**About this task**
In the material below, find the line with "Un uomo cammina" and the line with "Czwarte zdjęcie samochodu". Output exactly those two lines and all lines between them, leaving out pictures.

START Source information

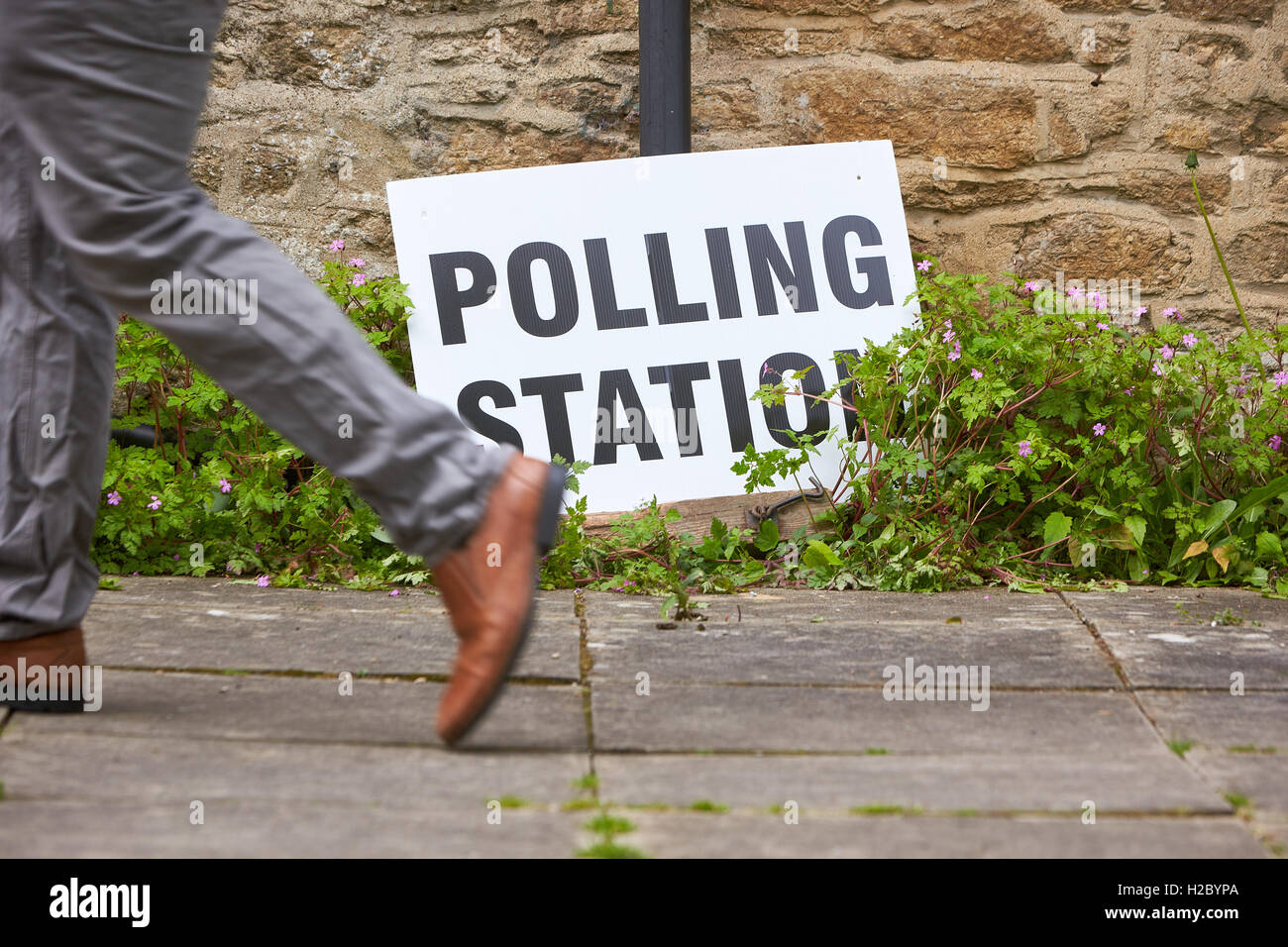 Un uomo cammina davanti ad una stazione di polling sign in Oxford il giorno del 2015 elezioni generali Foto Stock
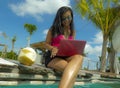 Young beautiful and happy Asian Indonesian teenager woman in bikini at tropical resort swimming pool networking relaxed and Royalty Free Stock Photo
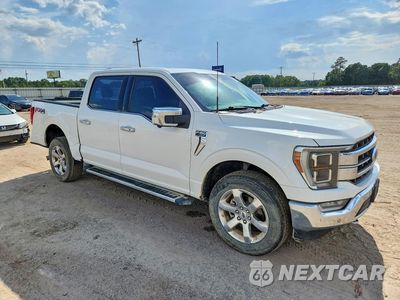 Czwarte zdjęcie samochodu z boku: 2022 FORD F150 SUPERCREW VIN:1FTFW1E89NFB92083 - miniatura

END Source information
START Source information

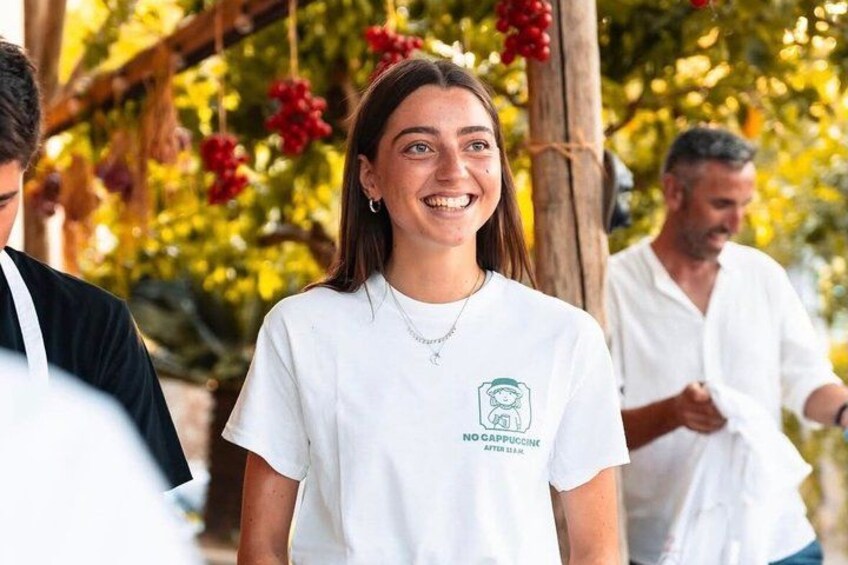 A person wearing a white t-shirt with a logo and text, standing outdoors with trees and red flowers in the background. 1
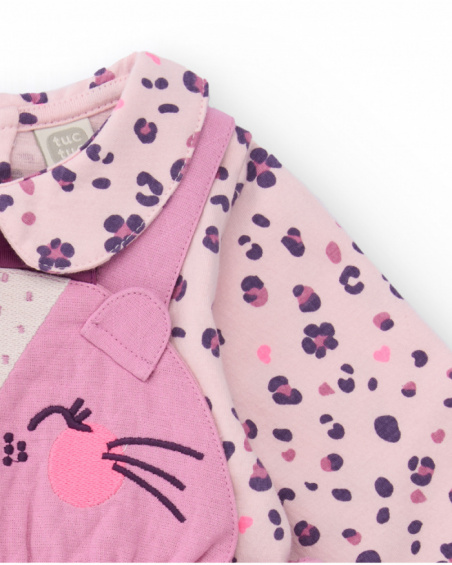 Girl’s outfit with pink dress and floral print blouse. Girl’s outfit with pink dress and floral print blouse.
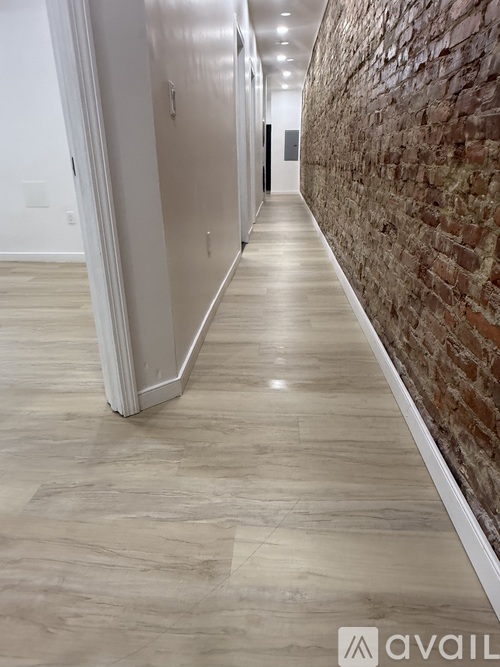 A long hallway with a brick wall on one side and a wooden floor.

END Source information

**Reply to the exercise**
 Un uomo cammina davanti ad una stazione di polling sign in Oxford il giorno del 2015 elezioni generali Foto Stock
 Young beautiful and happy Asian Indonesian teenager woman in bikini at tropical resort swimming pool networking relaxed and Royalty Free Stock Photo
 Czwarte zdjęcie samochodu z boku: 2022 FORD F150 SUPERCREW VIN:1FTFW1E89NFB92083 - miniatura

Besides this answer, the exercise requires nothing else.